As detailed elsewhere herein, we currently have an agreement in place that allows us the option to acquire certain improved property located in Westfield, New York from DiPaolo for a total purchase price of Eight Hundred Thousand Dollars ($800,000). Under the terms of the agreement, we still owe approximately $392,000 to acquire the property. We have agreed to pay that amount in installment payments of $10,000 per month for six months beginning February 2020, with a balloon payment of approximately $332,000 due on or before August 3, 2020. We made the six $10,000 monthly payments but were not able to pay the balloon payment by the August 3, 2020 deadline, but on July 31, 2020 we worked out an additional extension with the bank. Under the terms of that agreement, we paid $10,000 in exchange for an additional extension and we owed approximately $332,000 to acquire the property. We agreed to pay that amount in installment payments of $10,000 per month for six months beginning September 2020, with a balloon payment of approximately $272,000 due on or before February 1, 2021. We made the six $10,000 monthly payments but were not able to pay the balloon payment by the February 1, 2021 deadline, but on January 18, 2021 we worked out an additional extension with the bank. Under the terms of that agreement, we agreed to pay $10,000 per month beginning February 1, 2021 until November 1, 2021, and then pay a balloon payment of approximately $172,000 due on or before December 1, 2021. These payments are in addition to the approximately $540,000 in payments we have already made. We made the $10,000 payments due on February 1, 2021 and March 1, 2021. We need to raise funds in order to make the remaining scheduled payments. In the event we make the payments we will own the property. In the event we do not make the payments, all monies we have paid are non-refundable and the bank may acquire the property.

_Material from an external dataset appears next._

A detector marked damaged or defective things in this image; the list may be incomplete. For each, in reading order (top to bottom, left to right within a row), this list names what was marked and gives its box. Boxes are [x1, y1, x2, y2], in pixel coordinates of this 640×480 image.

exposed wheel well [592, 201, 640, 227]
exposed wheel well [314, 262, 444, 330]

The property is approximately 43 acres and has unlimited water extraction rights from the State of New York. If we are successful in acquiring the property, we plan to use this property as our inroads to the New York hemp and infused beverage markets in the future. In order to make the payments required to acquire the property we must raise funds.

 

WEED Australia Ltd.

 

WEED Australia Ltd.’s corporate strategy is to become a leader in cannabis and hemp research and development. To support this goal WEED Australia Ltd. has assembled a highly qualified team of well-respected Ph.D.’s, scientists, researchers and business experts with the goal of establishing an export industry. WEED Australia’s personnel has presented at several conferences regarding the use of cannabis for medical purposes as well as for other uses. We need additional funding in order to further WEED Australia’s efforts to conduct research and development activities in Australia.

 

WEED Israel Cannabis Ltd.

 

Through our subsidiary, WEED Israel Cannabis, Ltd., we have an arrangement with Professor Elka Touitou to assist us with cannabis research and studies in Israel. Professor Touitou was the Head of the Innovative Dermal, Transdermal and Transmucosal Delivery Lab at the Institute of Drug Research, The School of Pharmacy, HUJ, now retired but still has HUJ clinical trial & independent studies/lab privileges. Professor Touitou is an internationally renowned authority in the field of drug delivery and design of new technologies for efficient administration of drugs and development of new products. As noted above with our genomic study, there is a strong possibility we do our initial clinic trials in Israel due to a variety of factors, including the fact that Dr.Touitou is located in Israel, and the fact that Israel has certain advancements in the study of cannabis that we believe would be beneficial to our clinic trial work. We need to raise additional funds in order to conduct our planned operations in Israel.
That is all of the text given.